== To do ==
Take the line with "Dreaming GIF - Cat Cats Sleep GIFs" as the first and the last line of the data as the end. Write out both and every line between exactly, except pictures.
Raw data Start Marker
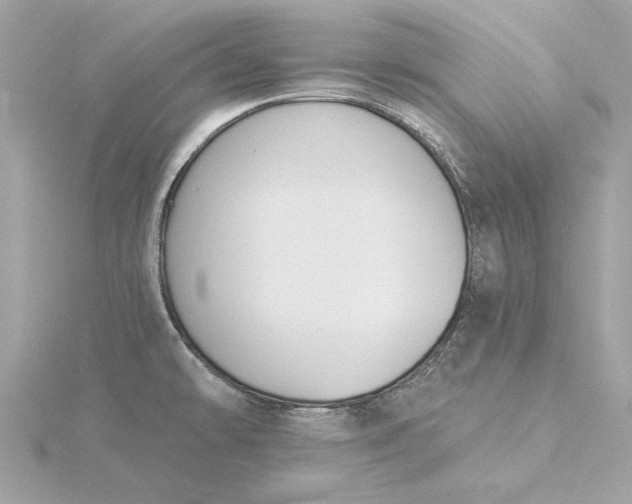 X0000116031478200912041925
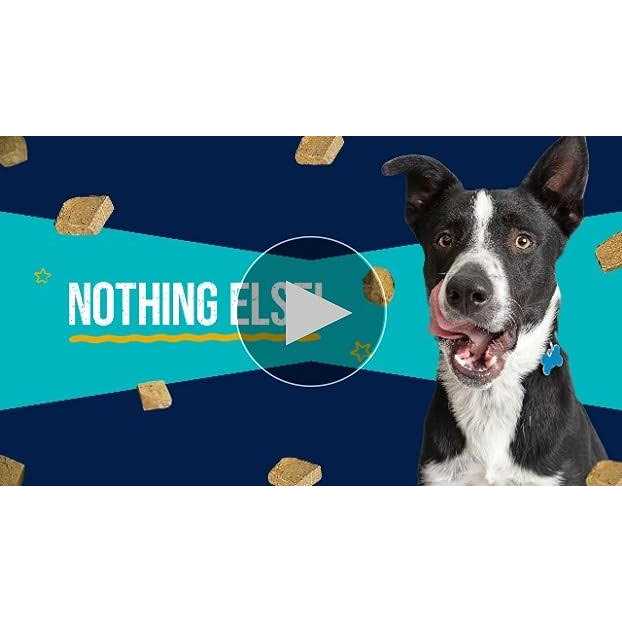 Freeze Dried Chicken Dog Treats W32421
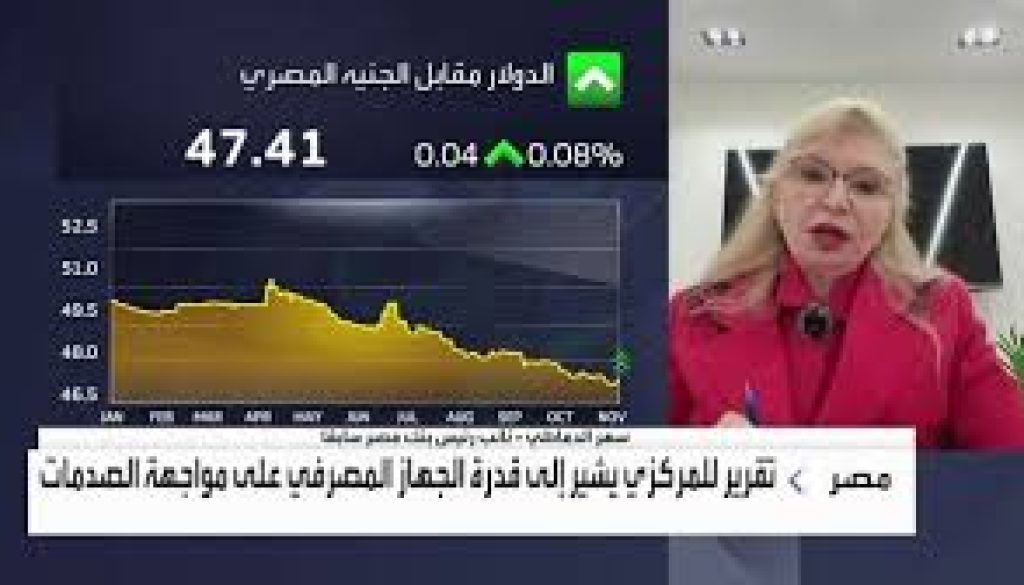 الدماطي المصارف المصرية تتمتع بملاءة قوية وقدرة على امتصاص الصدمات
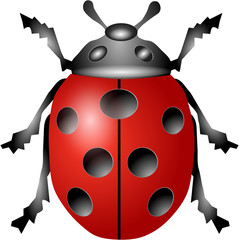 Marienkäfer Glückssymbol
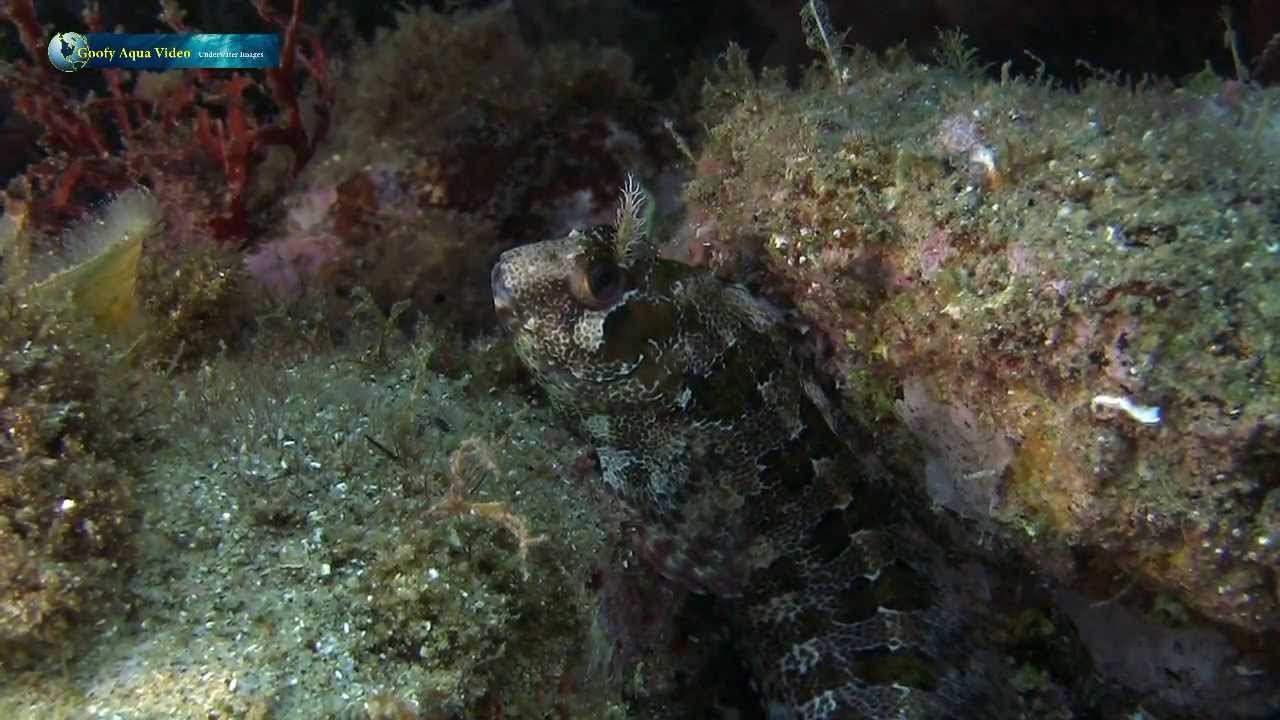 Goofy Aqua Video Underwater Images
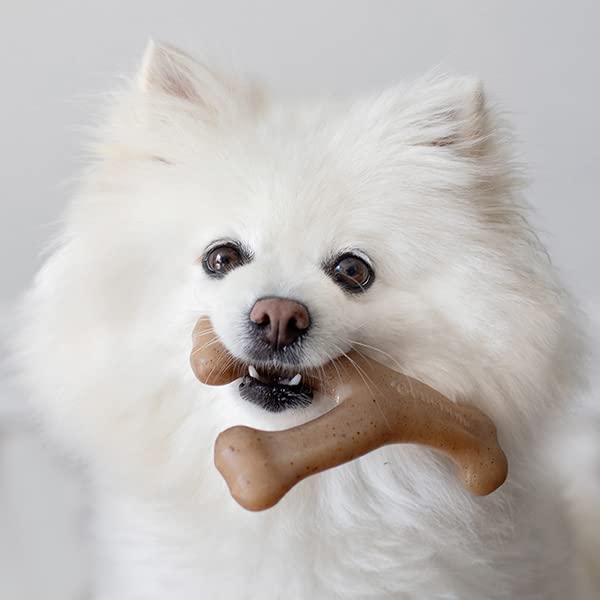 Benebone Set Of 1 Fishbone/Wishbone Durable Dog Chew Toys, Real Fish, Real Bacon, Made In Usa, Small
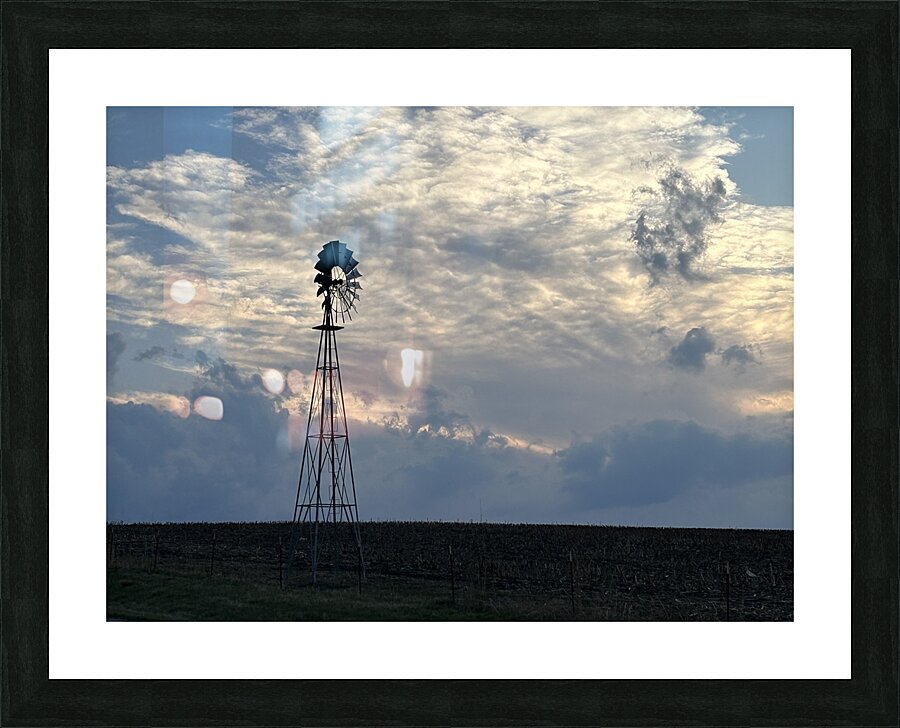 IMG 6235 Picture Frame print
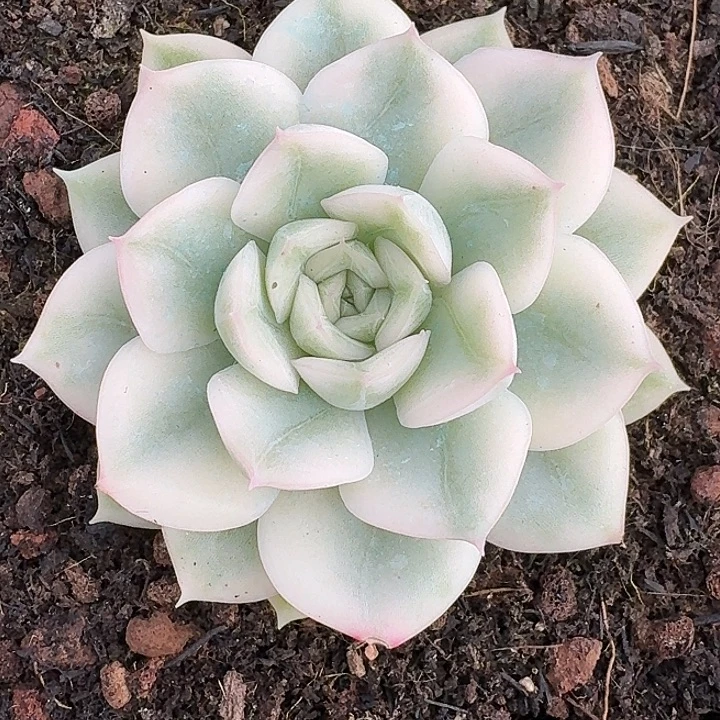 月亮仙子一物一拍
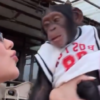 Virginia Fonseca beija macaco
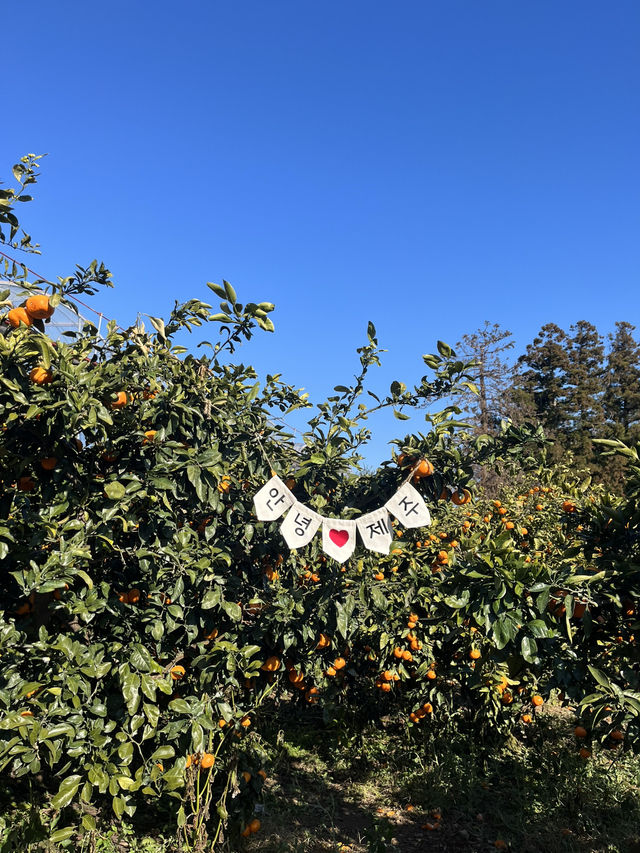 감귤 수확 체험 [제주에인감귤밭]🍊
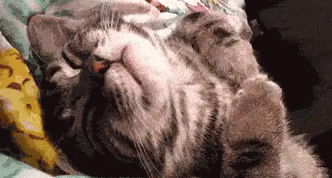 Dreaming GIF - Cat Cats Sleep GIFs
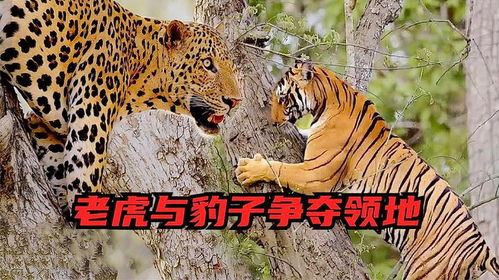 虎吃豹游戏,谁主沉浮?(图3) 虎吃豹游戏,谁主沉浮?(图3)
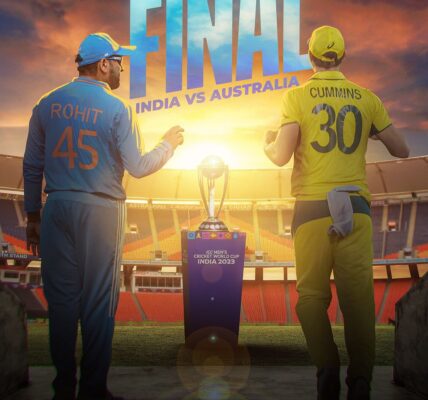 Ind vs aus CWC 2023 final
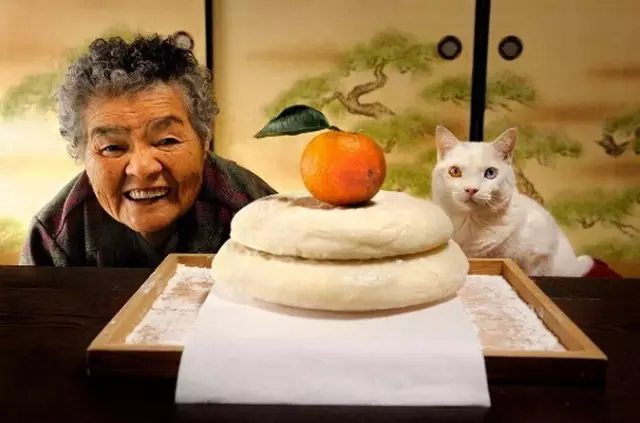 90岁奶奶与一只耳聋猫，度过11年田园生活，感动了无数人！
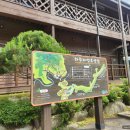 하추자연휴양림 | 강원도 인제 하추자연휴양림 철쭉방 계곡 있는 자연휴양림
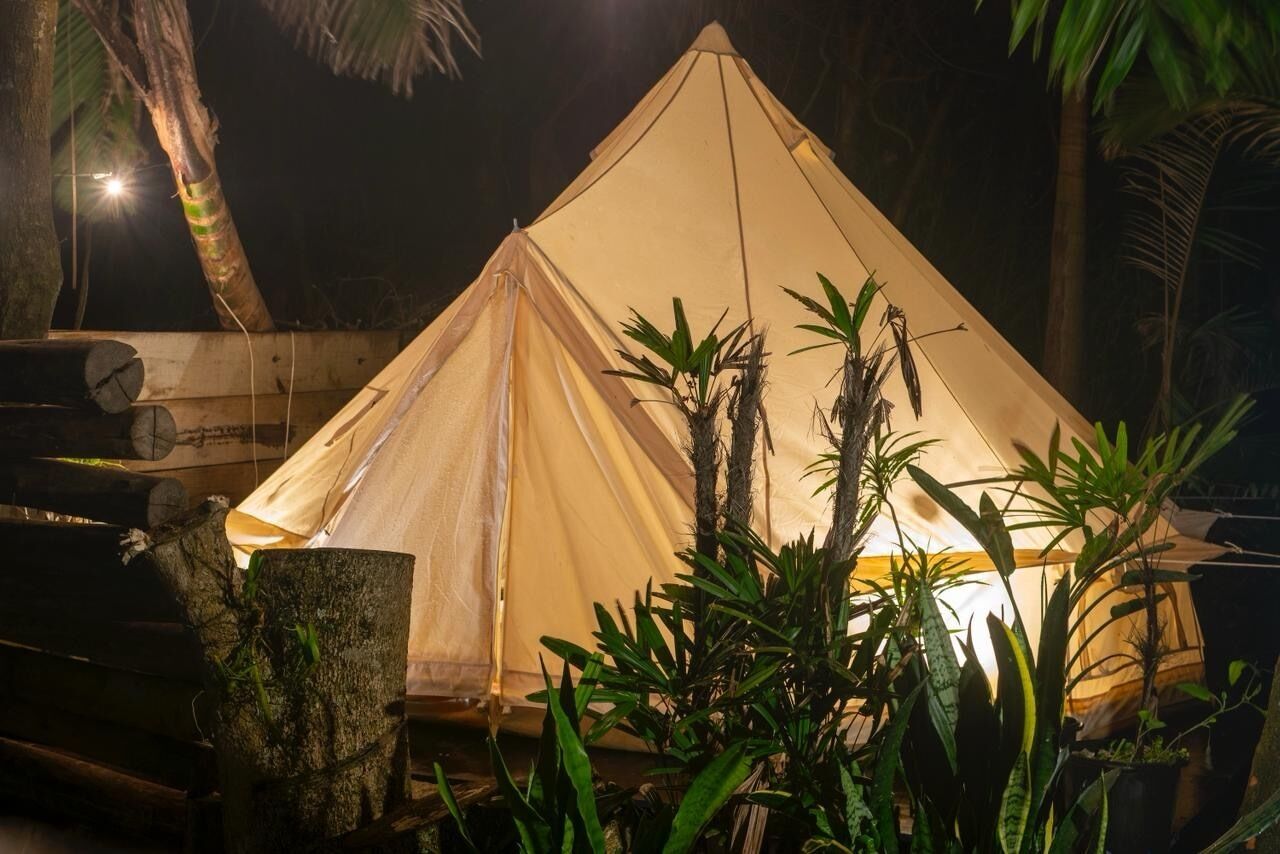 Une structure en forme de tente, dotée d’un toit conique, entourée de plantes tropicales et d’une bûche en bois.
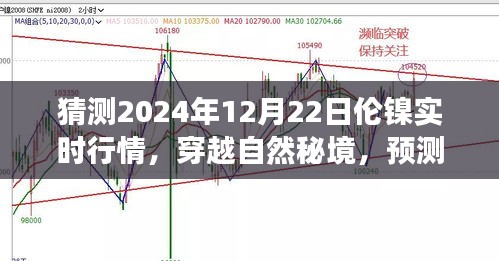 倫鎳行情預(yù)測與心靈之旅，穿越自然秘境，探索2024年倫鎳實(shí)時行情的奇妙交織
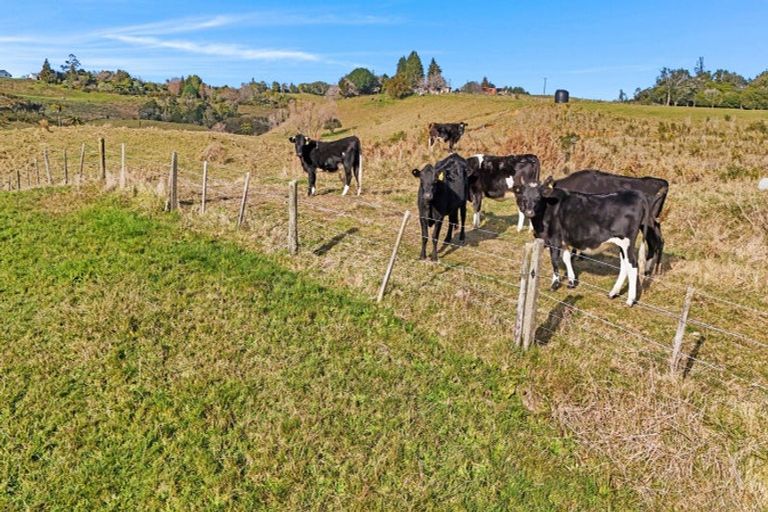Photo of property in 20 Laurel Drive, Whakamarama, Tauranga, 3179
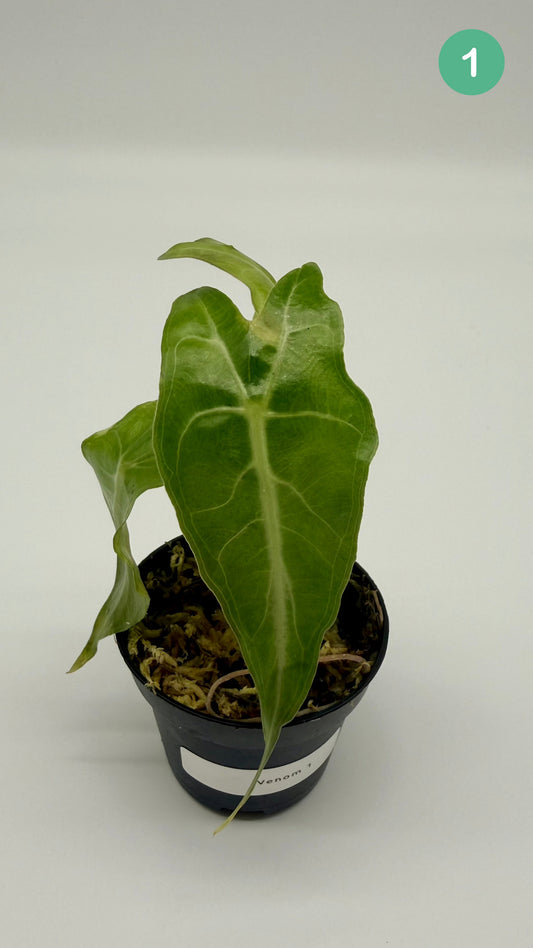Alocasia Venom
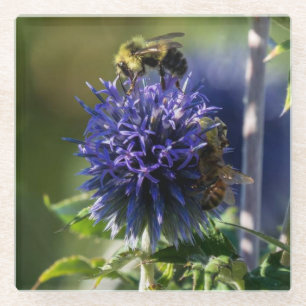 Close Up of a Bee on a Purple/Blue Flower Glass Coaster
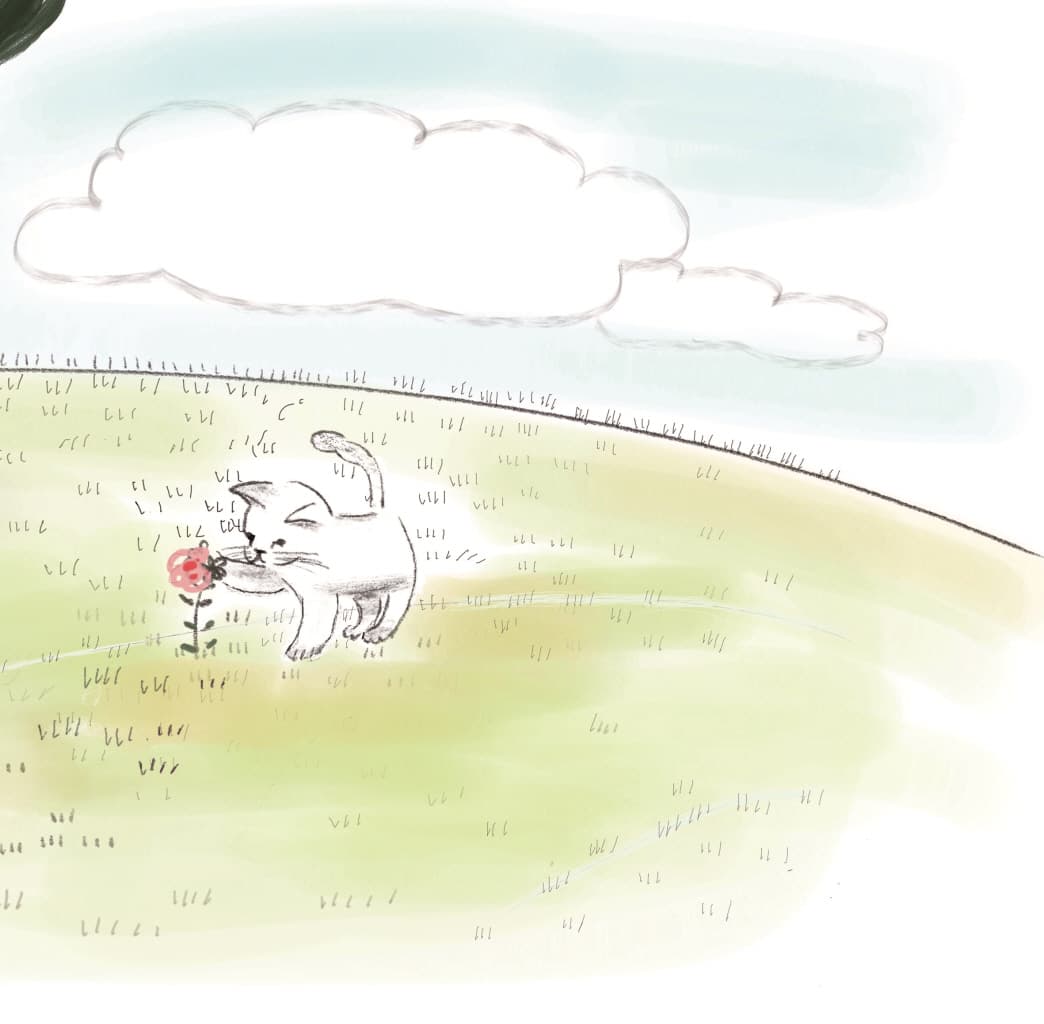 세상의 모든 나나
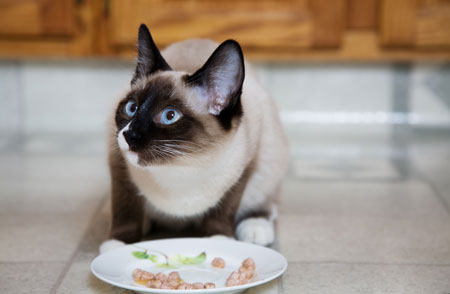 Как выбрать корм для кошек: советы экспертов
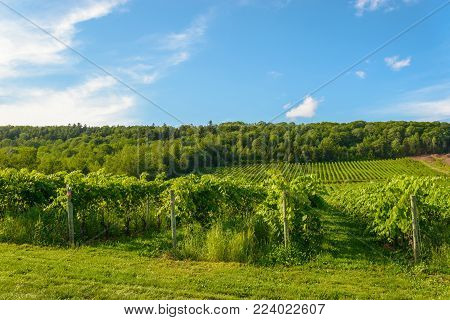 Beautiful rows of grapes before harvesting (Gaspereau Vineyard, Nova Scotia, Canada)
Raw data End Marker
== Solved problem ==
 Dreaming GIF - Cat Cats Sleep GIFs
 虎吃豹游戏,谁主沉浮?(图3) 虎吃豹游戏,谁主沉浮?(图3)
 Ind vs aus CWC 2023 final
 90岁奶奶与一只耳聋猫，度过11年田园生活，感动了无数人！
 하추자연휴양림 | 강원도 인제 하추자연휴양림 철쭉방 계곡 있는 자연휴양림
 Une structure en forme de tente, dotée d’un toit conique, entourée de plantes tropicales et d’une bûche en bois.
 倫鎳行情預(yù)測與心靈之旅，穿越自然秘境，探索2024年倫鎳實(shí)時行情的奇妙交織
Photo of property in 20 Laurel Drive, Whakamarama, Tauranga, 3179
Alocasia Venom
 Close Up of a Bee on a Purple/Blue Flower Glass Coaster
 세상의 모든 나나
 Как выбрать корм для кошек: советы экспертов
 Beautiful rows of grapes before harvesting (Gaspereau Vineyard, Nova Scotia, Canada)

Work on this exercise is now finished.